Die taz zieht um. Von der Rudi-Dutschke-Straße nur ein paar hundert Meter weiter an die südliche Friedrichstraße – und doch in eine andere Welt. Dort gibt es rund um den Mehringplatz einen gewachsenen Kiez. Und in der nahen Nachbarschaft ein neues Kunst- und Kreativquartier. Was können die Zugezogenen den Alteingesessenen geben?

Jetzt hat die taz lauter neue Nachbarn: das neu gebaute taz Haus mit seiner Fassade aus Glas und Stahl mitten in der Friedrichstraße 21

VonSusanne Messmer(Text) und Karsten Thielker(Foto)
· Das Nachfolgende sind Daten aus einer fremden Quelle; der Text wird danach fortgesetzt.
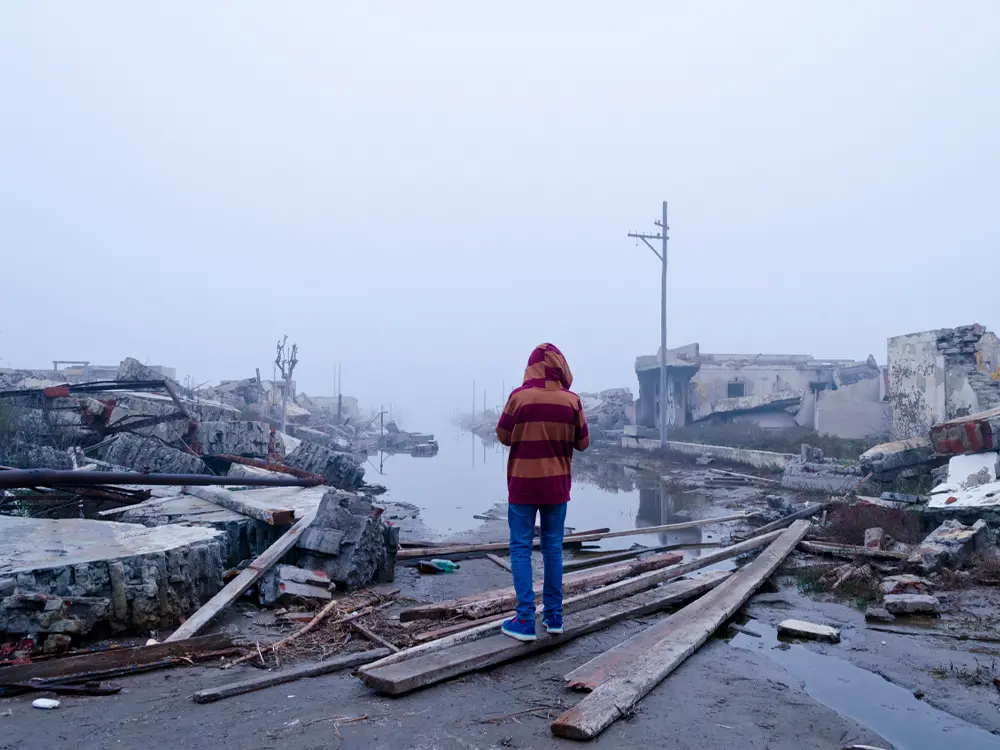 Person looking at the aftermath of a severe weather event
Ein Engel namens Daniel, den niemand sehen kann, mäandert ziellos durch die Stadt. Er gerät in einen kleinen Zirkus, wo eine Trapezkünstlerin mit Engelsflügeln aus Hühnerfedern trainiert. Der Direktor ist sauer, weil sie eher baumelt als fliegt. Sie rauscht beleidigt raus und setzt sich vor ihren Zirkuswagen, der Blick geht in die Ferne. Dann philosophiert die Trapezkünstlerin ein wenig über dies und das, stets in Begleitung des Engels, der schon längst verliebt ist in sie, den sie ja aber nicht einmal sehen kann.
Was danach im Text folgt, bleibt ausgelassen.